▼▼▼

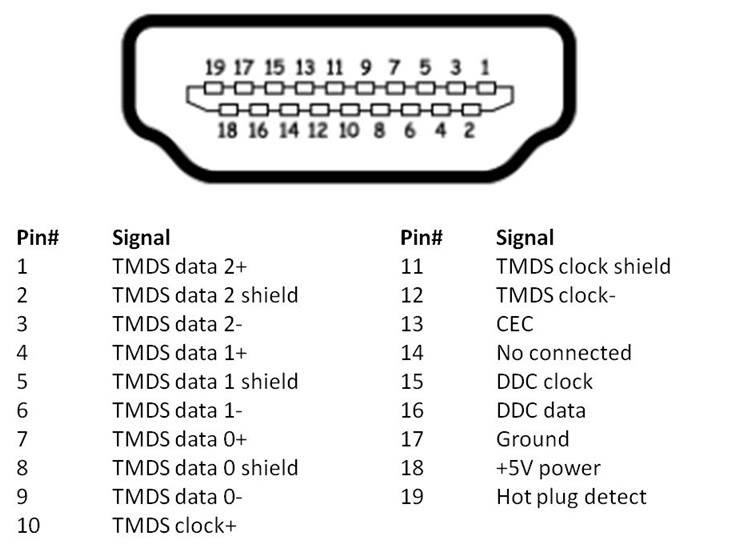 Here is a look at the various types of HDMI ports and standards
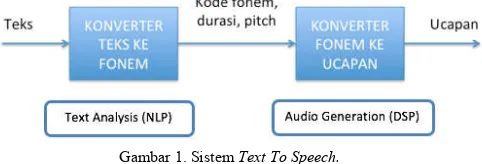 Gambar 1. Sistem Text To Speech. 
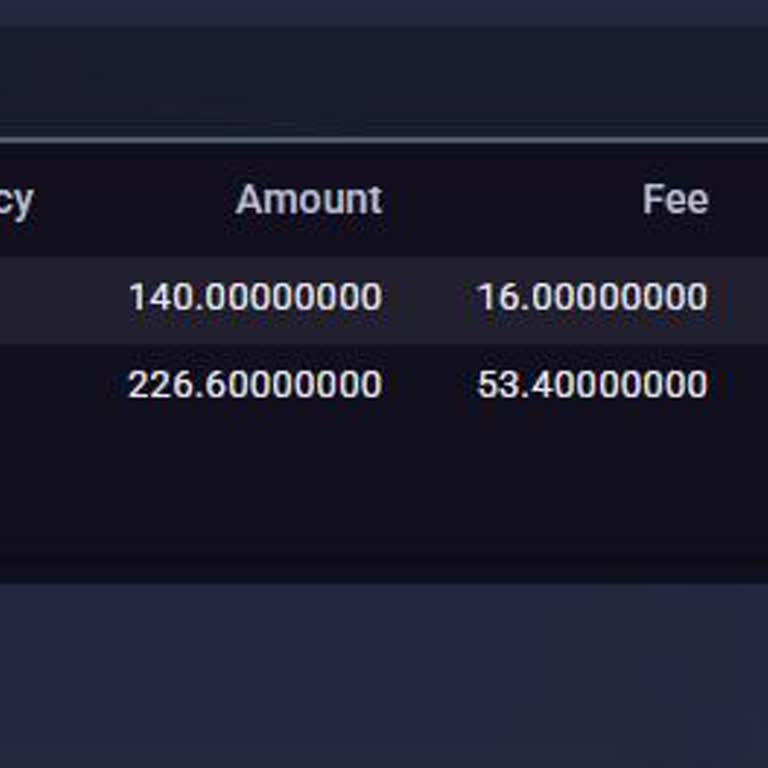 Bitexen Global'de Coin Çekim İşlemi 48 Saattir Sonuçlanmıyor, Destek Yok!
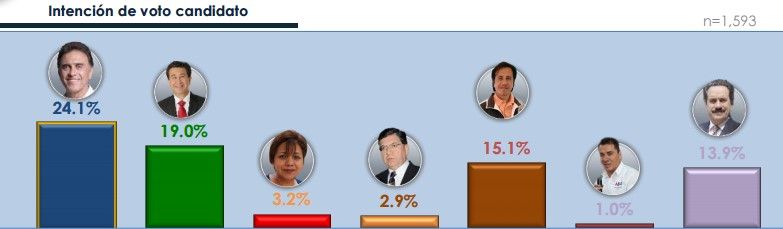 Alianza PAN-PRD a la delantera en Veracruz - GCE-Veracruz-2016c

▲▲▲
▼▼▼

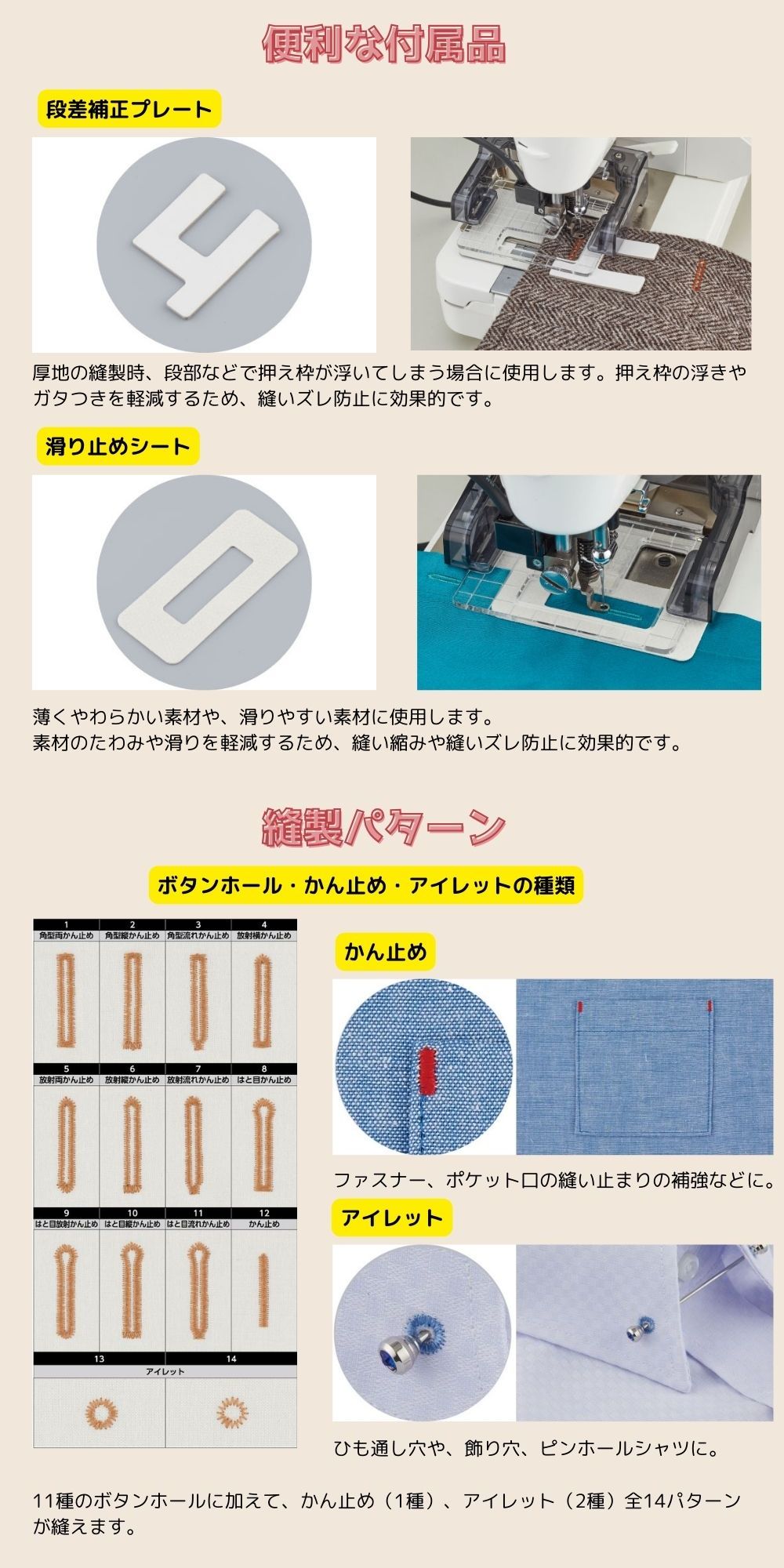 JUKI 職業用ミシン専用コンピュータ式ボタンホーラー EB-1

▲▲▲
▼▼▼

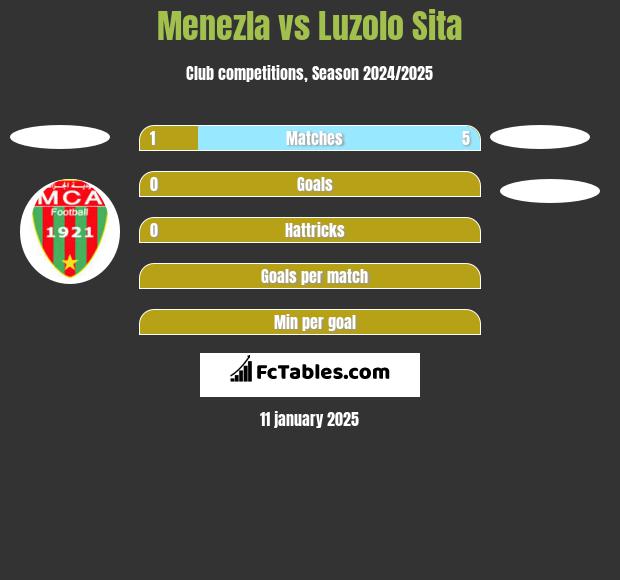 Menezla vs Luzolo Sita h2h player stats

▲▲▲

• [Assignment]
Would you print exactly the lines in the listing above, from the line bearing "Here is a look" through the line bearing "Alianza PAN-PRD a", leaving out all pictures?

• [Solution]
 Here is a look at the various types of HDMI ports and standards
 Gambar 1. Sistem Text To Speech. 
 Bitexen Global'de Coin Çekim İşlemi 48 Saattir Sonuçlanmıyor, Destek Yok!
 Alianza PAN-PRD a la delantera en Veracruz - GCE-Veracruz-2016c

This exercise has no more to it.